Décadas mais tarde, Serra concebeu o trabalho público site-specific Gravity (1993). Instalado no Salão de Testemunhas5 , em Washington D.C., uma laje de aço com 3,6 metros dividiu o espaço em dois, abrindo passagens alternativas e explicitando, em paralelo, de que forma a experiência espacial era inevitavelmente construída através de peso e direção. Se, em Serra, a gravidade estabelece um eixo de movimento a partir de pura espacialidade, na exposição de Henke esta é simultaneamente amplificada e subvertida, evidenciando não apenas a sua força, como um mundo ao contrário que dela parece escapar – uma casa que nos recebe sob o seu telhado invertido.

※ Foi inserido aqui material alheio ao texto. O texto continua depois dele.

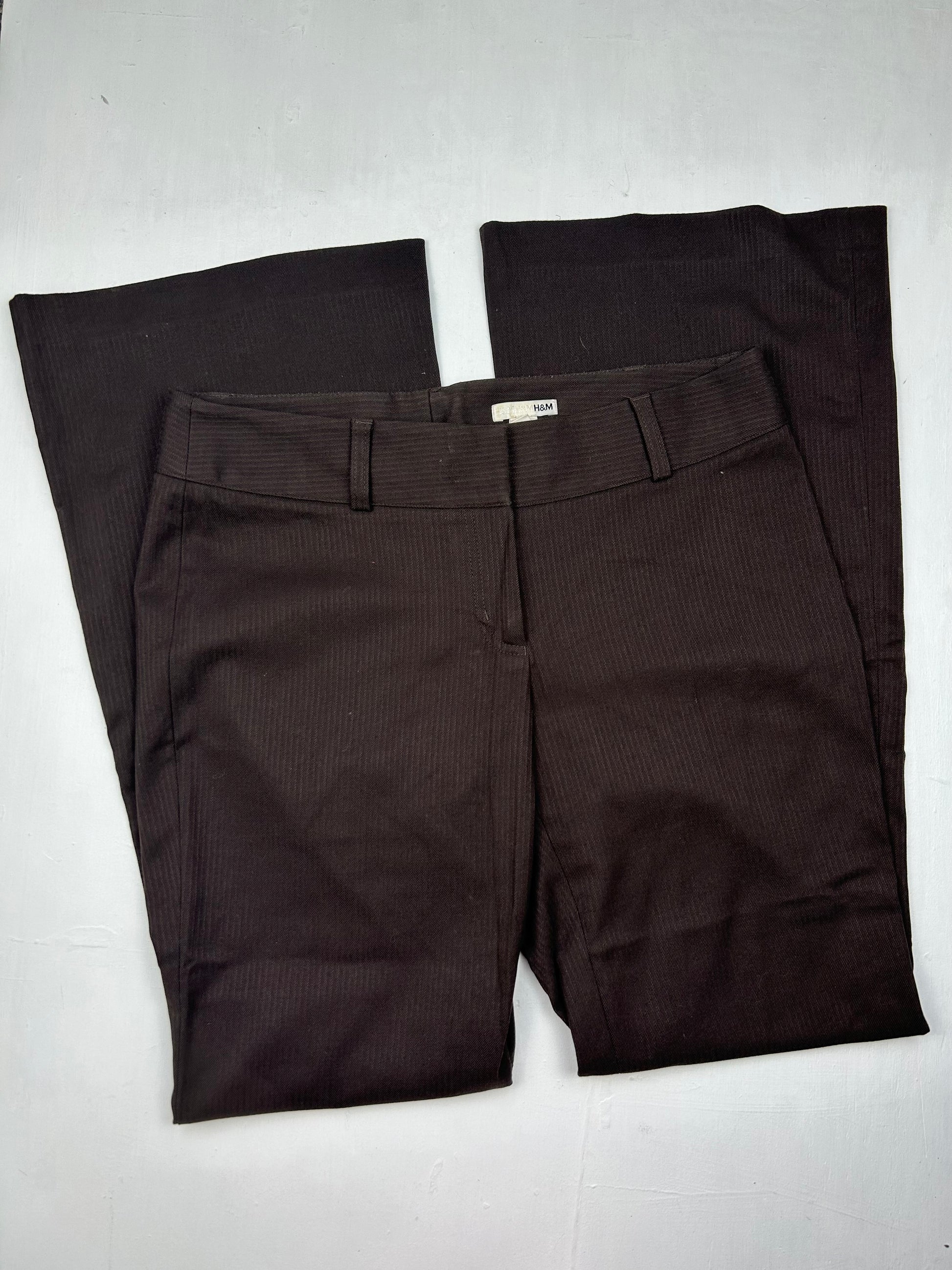 Brown striped low rise office flare pants (L)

O envolvimento contínuo de Henke com elementos arquitetónicos e com o doméstico (locais socialmente codificados, refúgios para o corpo e para o individuo) não é, contudo, contingente. Desde cedo que estes fatores funcionam na sua prática como motivos de uma investigação conceptual em torno de narrativas sociopolíticas e da história da arte, demonstrando o seu interesse na psicologia das estruturas urbanas através da intervenção no espaço público. Em Inverted Roofs, o exterior reinscreve-se no interior, desde as telhas que se instalam ao contrário, ao grande corpo escultural que se estende do teto ao chão, obrigando-nos a escolher um lado. É, portanto, significativo encontrar Santa Bárbara, santa padroeira dos arquitetos, a reaparecer no trabalho mais recente de Henke. O seu resto moldado em alumínio surge no imenso Unforced error, configurado como um torso amorfo e torcido, rematado por um casco. Humano e cavalo – um elemento que acompanha a artista desde os seus anos formativos na Alemanha – unem-se sob a mesma configuração informe6 que se prolonga até às novas esculturas metade-pé, metadecasco, onde a inversão se torna também anatómica. À semelhança de um diagrama de talho, o seu trabalho revela um corpo que permanece fragmentável, sujeito à contínua possibilidade de desmontagem e remontagem.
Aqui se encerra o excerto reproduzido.